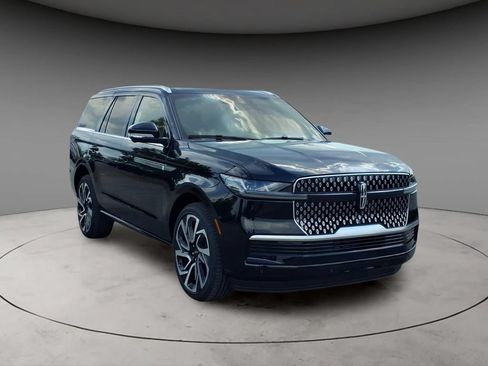 New 2027 Lincoln Navigator Reserve AWD/4WD image 13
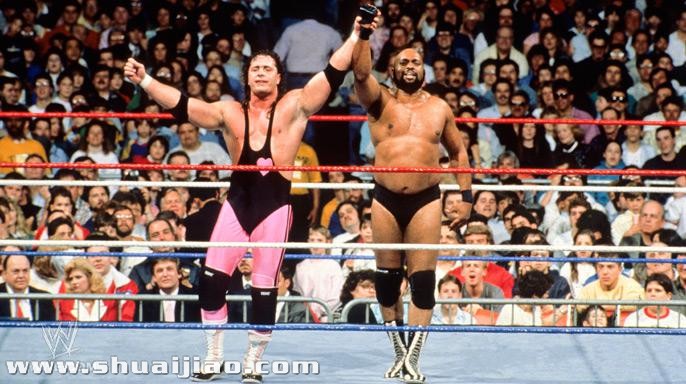 一同回顾摔角狂热4的精彩瞬间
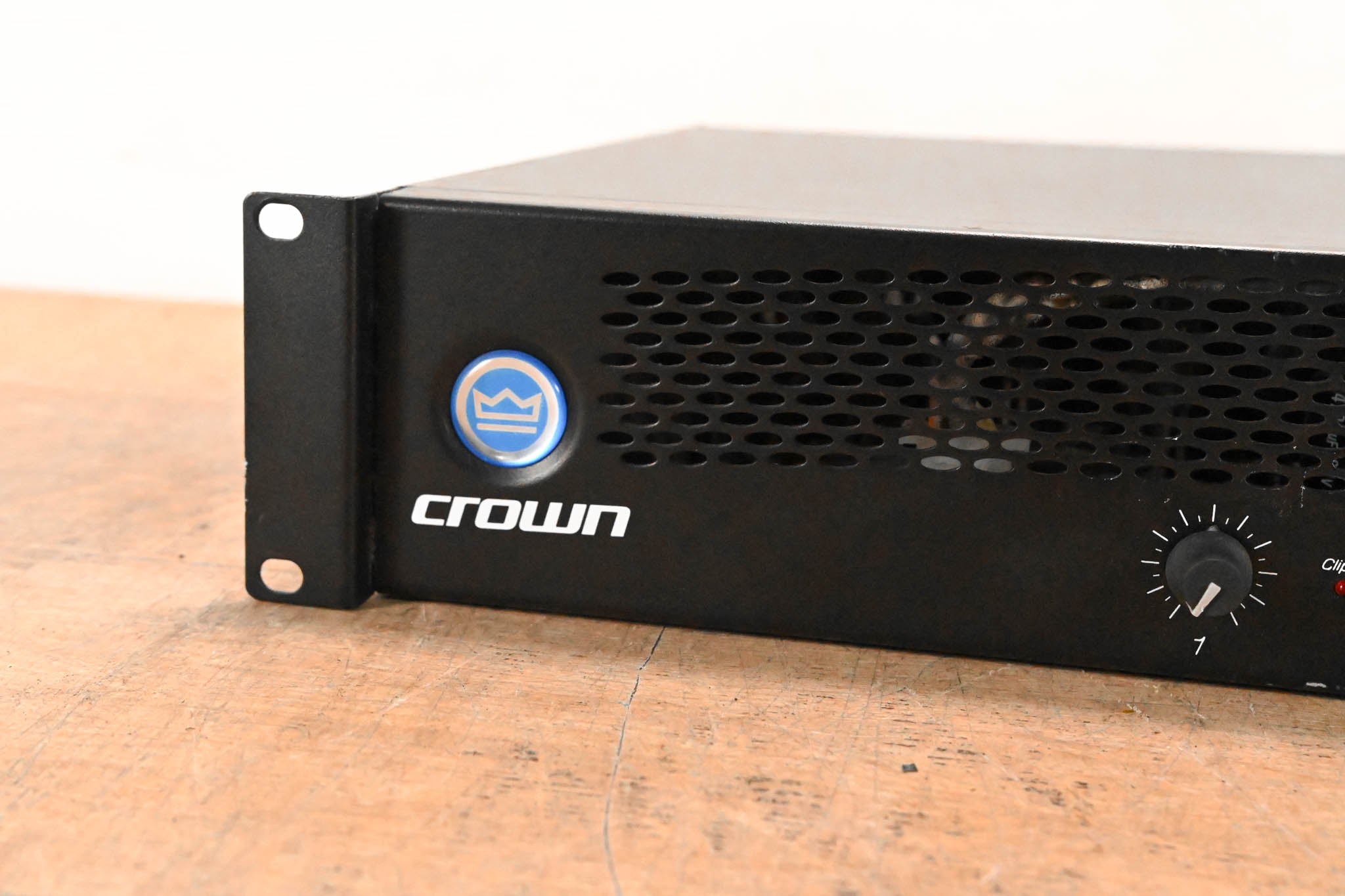 Crown XLS 402 2-Channel Power Amplifier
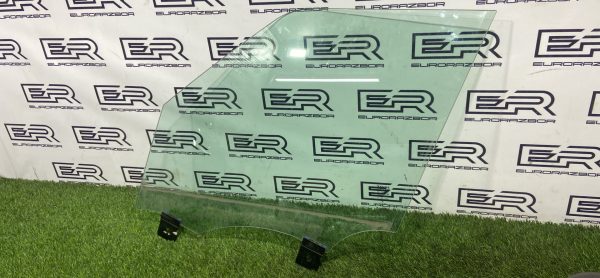 Стекло двери переднее левое Range Rover L405 (2012-2020) Стекло двери переднее левое range rover l405 (2012 2020)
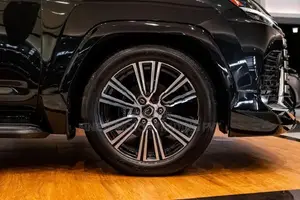 Lexus LX600 Sport Luxury 2025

» ABOUT THIS EXERCISE:
Print the listing exactly, minus its pictures.

» RESULT OF THIS TASK:
 New 2027 Lincoln Navigator Reserve AWD/4WD image 13
 一同回顾摔角狂热4的精彩瞬间
 Crown XLS 402 2-Channel Power Amplifier
 Стекло двери переднее левое Range Rover L405 (2012-2020) Стекло двери переднее левое range rover l405 (2012 2020)
 Lexus LX600 Sport Luxury 2025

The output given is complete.